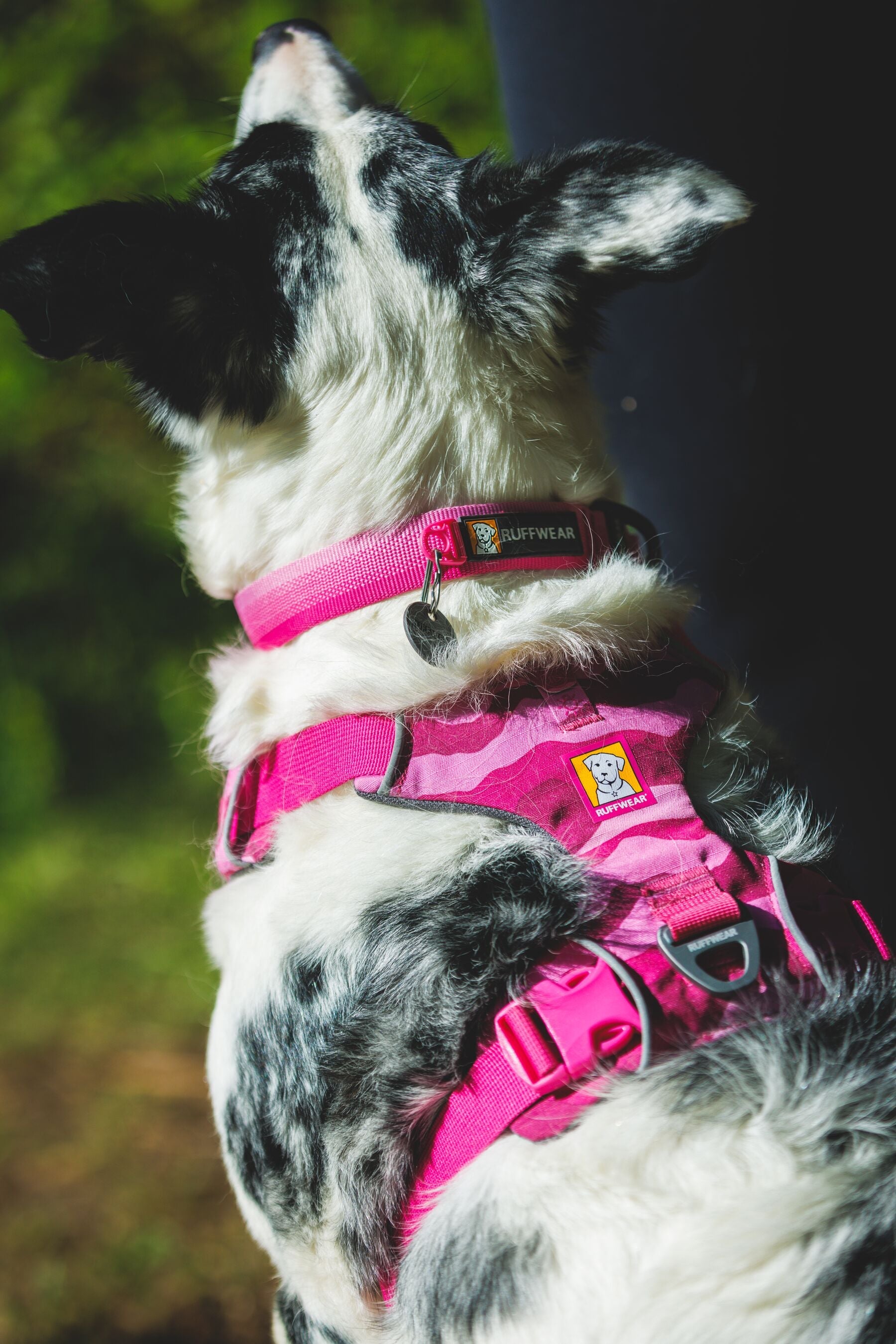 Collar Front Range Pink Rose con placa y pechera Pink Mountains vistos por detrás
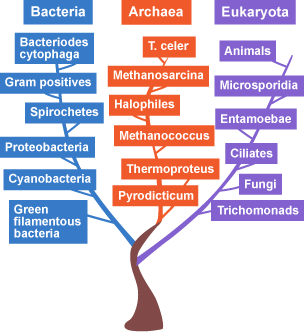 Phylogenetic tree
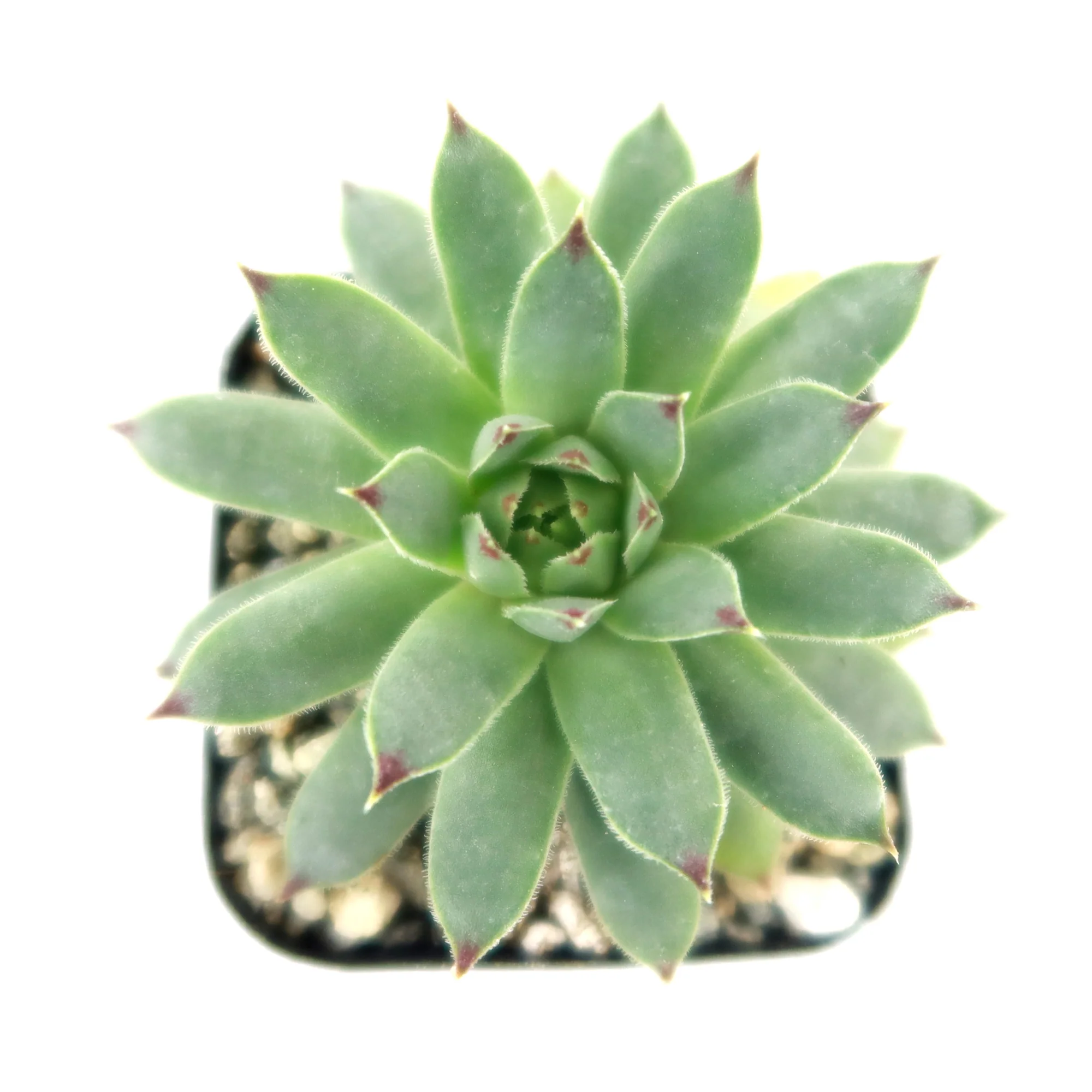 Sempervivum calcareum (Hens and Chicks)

Task prompt:
The output must start at the line holding "Phylogenetic tree", end at the last line of the listing above, and show each line exactly; please omit all pictures.

Solution to the problem:
 Phylogenetic tree
 Sempervivum calcareum (Hens and Chicks)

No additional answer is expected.